Strings of characters: "Hello", 'Python', "42".

bool

Boolean truth values: True or False.

Use type() to see the type of any value. Try it in the cell below:

>>> type(42)
<class 'int'>
>>> type(3.14)
<class 'float'>
>>> type("Hello")
<class 'str'>
>>> type(True)
<class 'bool'>

Type Conversion#

Use the type name as a function to convert between types:

Function

Description

Example

int(x)

Convert to integer (truncates floats)

int(3.9)3

float(x)

Convert to float

float(7)7.0

str(x)

Convert to string

str(42)"42"

bool(x)

Convert to bool

bool(0)False

>>> int("42")        # str -> int
42
>>> float("3.14")    # str -> float
3.14
>>> int(3.99)        # float -> int (truncates toward zero)
3
>>> str(100)         # int -> str
'100'
>>> round(3.99)      # rounds instead of truncating
4

Note that int() truncates floats toward zero — it does not round. See for yourself:

>>> int(3.9)
3
>>> int(-3.9)
-3

Use round() if you need rounding. Edit the values in the cell above, and try converting a string that is not a number (for example int("hello")) to see the ValueError Python raises.

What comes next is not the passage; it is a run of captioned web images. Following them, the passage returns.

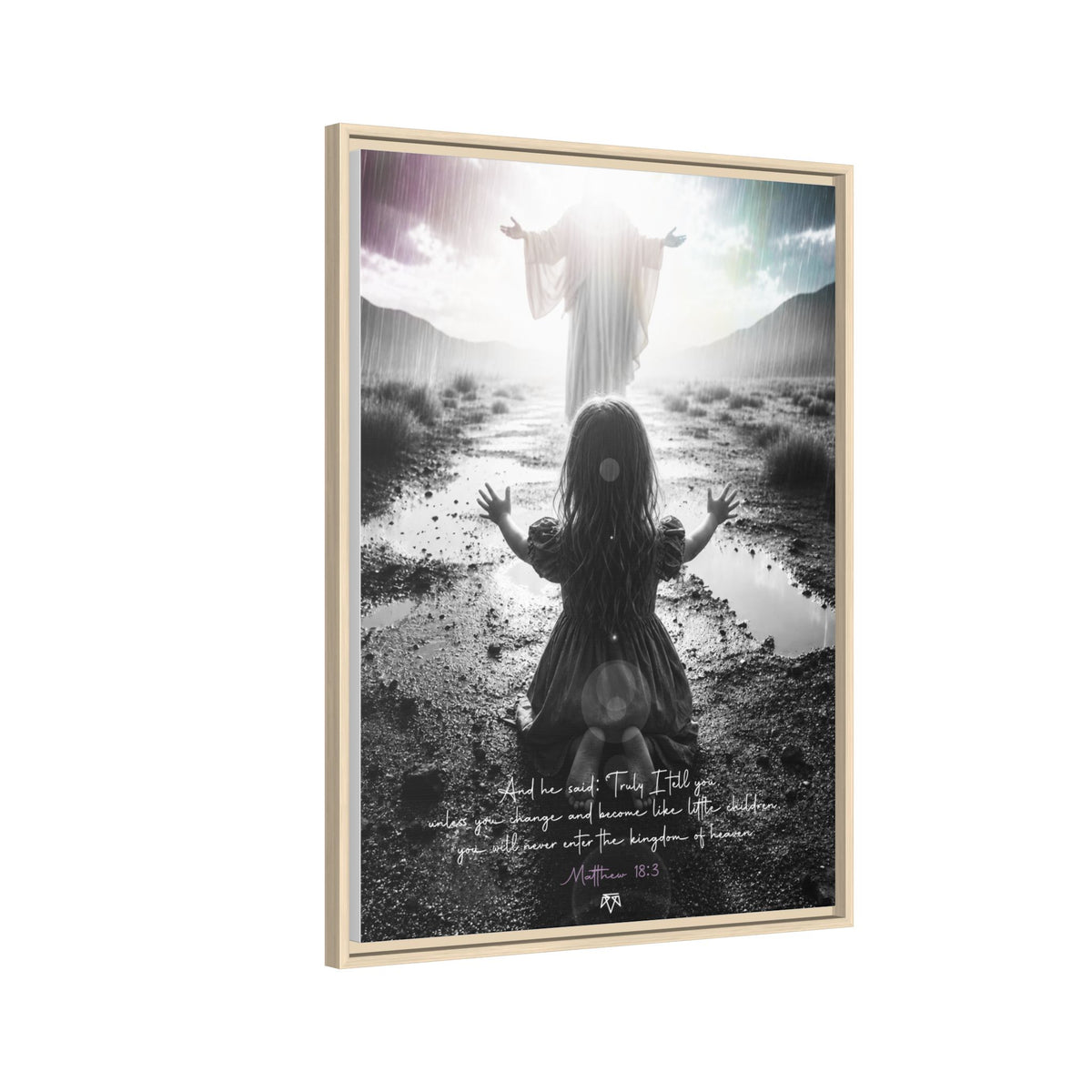 As a child (Matthew 18:3) - Framed Matte Canvas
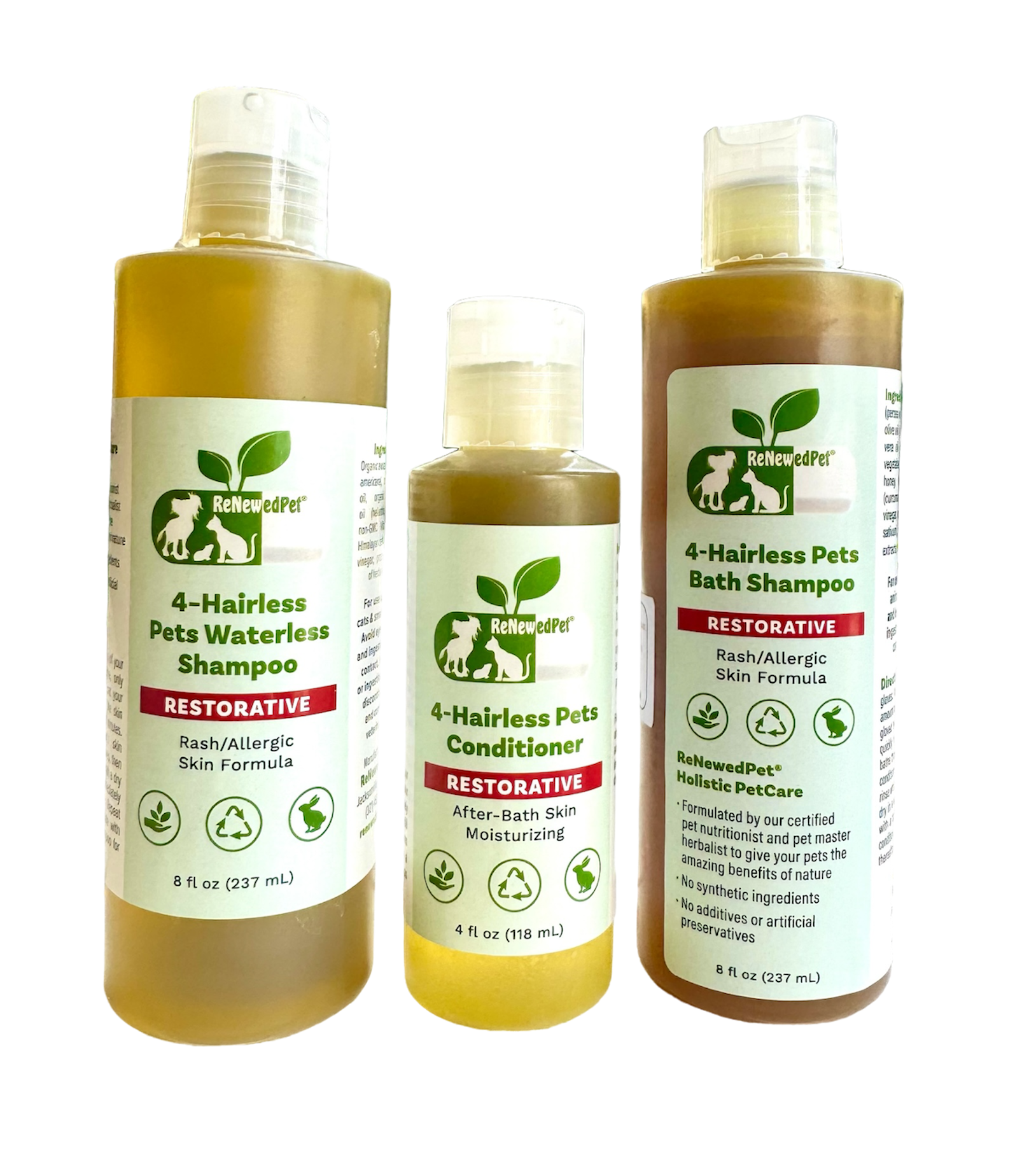 4 Hairless Pets Shampoo | Restorative Waterless Conditioner for Smooth Skin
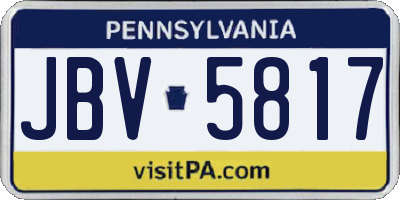PA license plate JBV5817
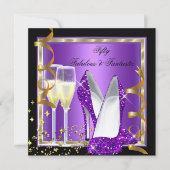 Fabulous 50 Fantastische Lila Black Gold Party Einladung (Vorderseite)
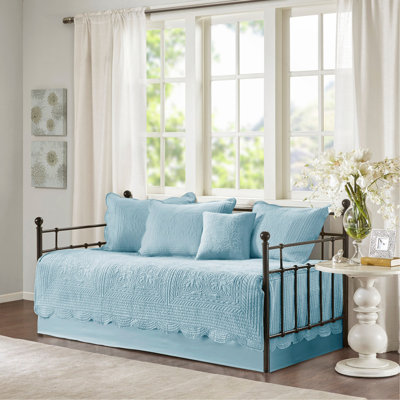6 Piece Reversible Scalloped Edge Daybed Cover Set  Daybed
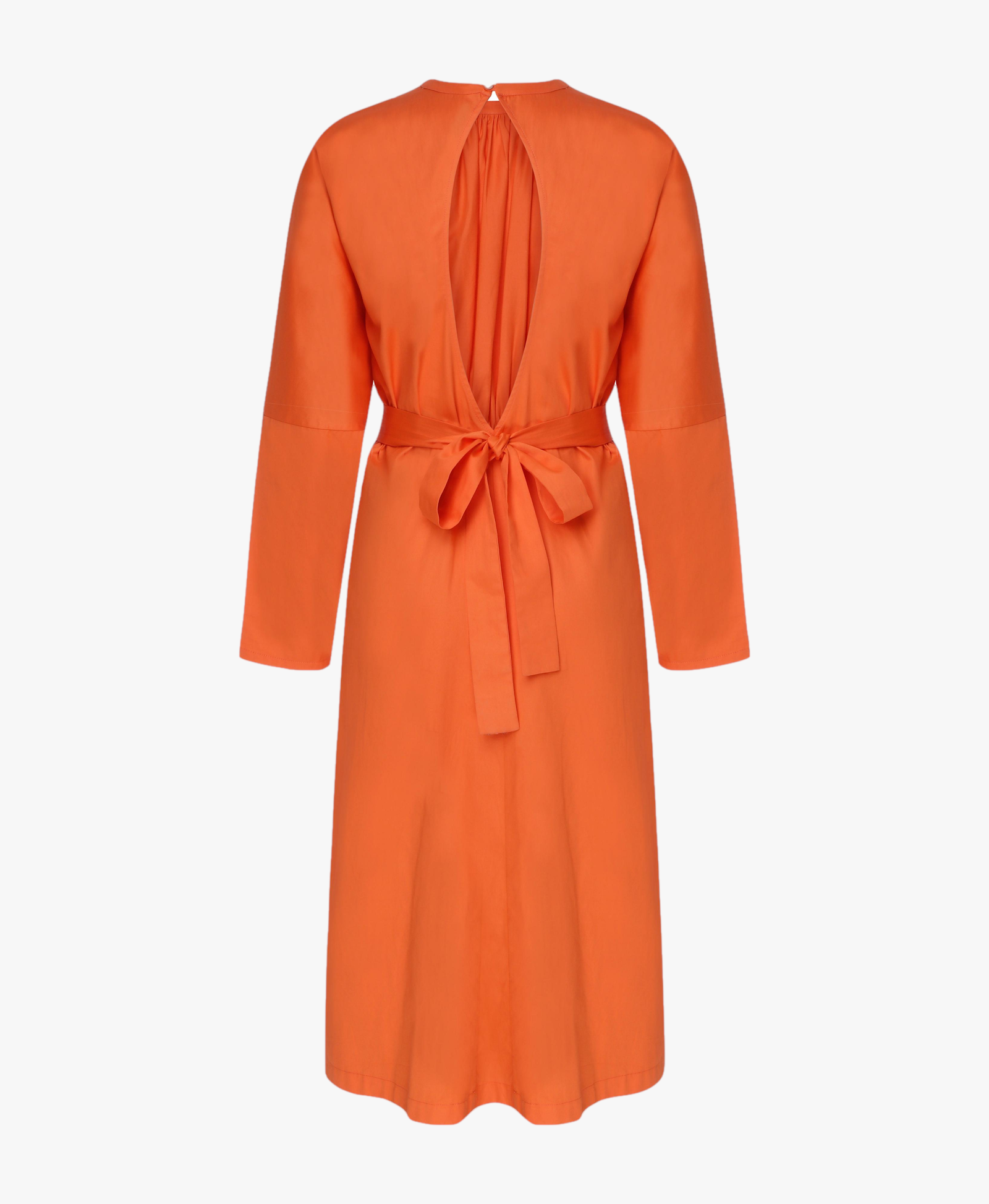 Martha Open Back Cotton Dress in Orange made by Nazli Ceren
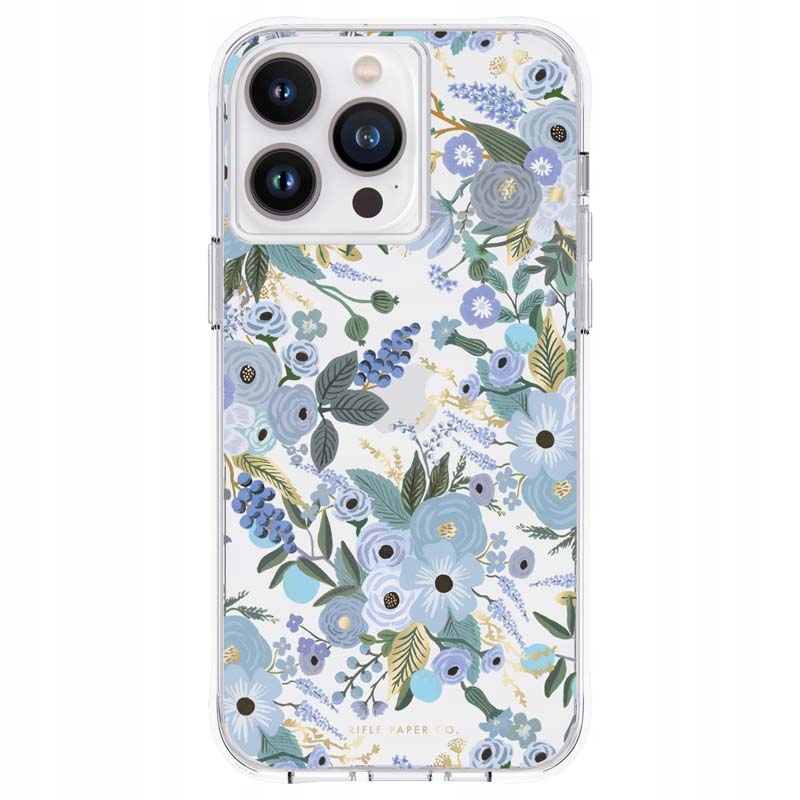 Průhledný papír na pušku – iPhone 14 Pro Max Pouzdro (Garden Party Blue)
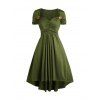 Robe Mi-Longue Haute Basse Croisée Plissée en Couleur Unie à Taille Plissée à Manche Courtes - Vert profond M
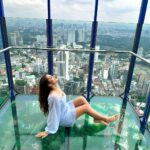 Kritika Sharma Instagram - Just the way I’m feeling I just can’t deny! First day of Malaysia Sky tower , sky box , twin towers 💙 Outfit @khwaab_design_official Styled by @styleby_shivi #travel #malaysia #kualalampur #twintowers #skybox #skytower #girl Kuala Lumpur - KL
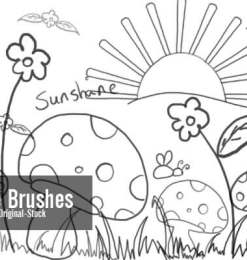 超级可爱童趣涂鸦、幼稚呆萌的手绘蘑菇、鲜花、青草、太阳PS笔刷图案素材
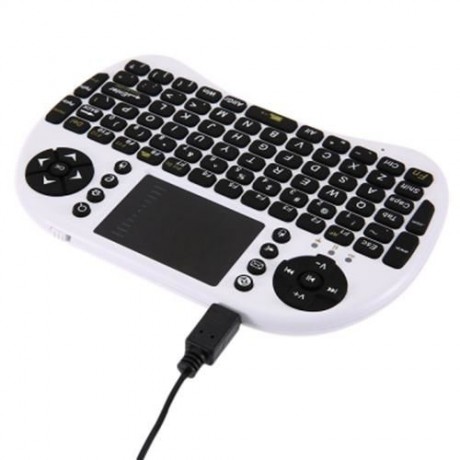M2S 2.4GHZ WIRELESS QWERTY KEYBOARD TOUCHPAD WITH RECEIVER (WHITE)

Boolean Values and Truthiness#

True and False are the two boolean values. Every Python value can be interpreted as boolean in a condition:

  • Falsy values: 0, 0.0, "" (empty string), [] (empty list), {} (empty dict), None

  • Truthy values: everything else

Run these conversions to see truthiness in action:

>>> bool(0)
False
>>> bool(1)
True
>>> bool("")
False
>>> bool("hello")
True

None#

None is a special value that represents the absence of a value. It is Python’s equivalent of null. Try assigning and testing it:

>>> x = None
>>> x is None
True
>>> print(x)
None

Functions that do not explicitly return a value return None automatically. None is also used as a placeholder when a variable exists but has not been given a meaningful value yet.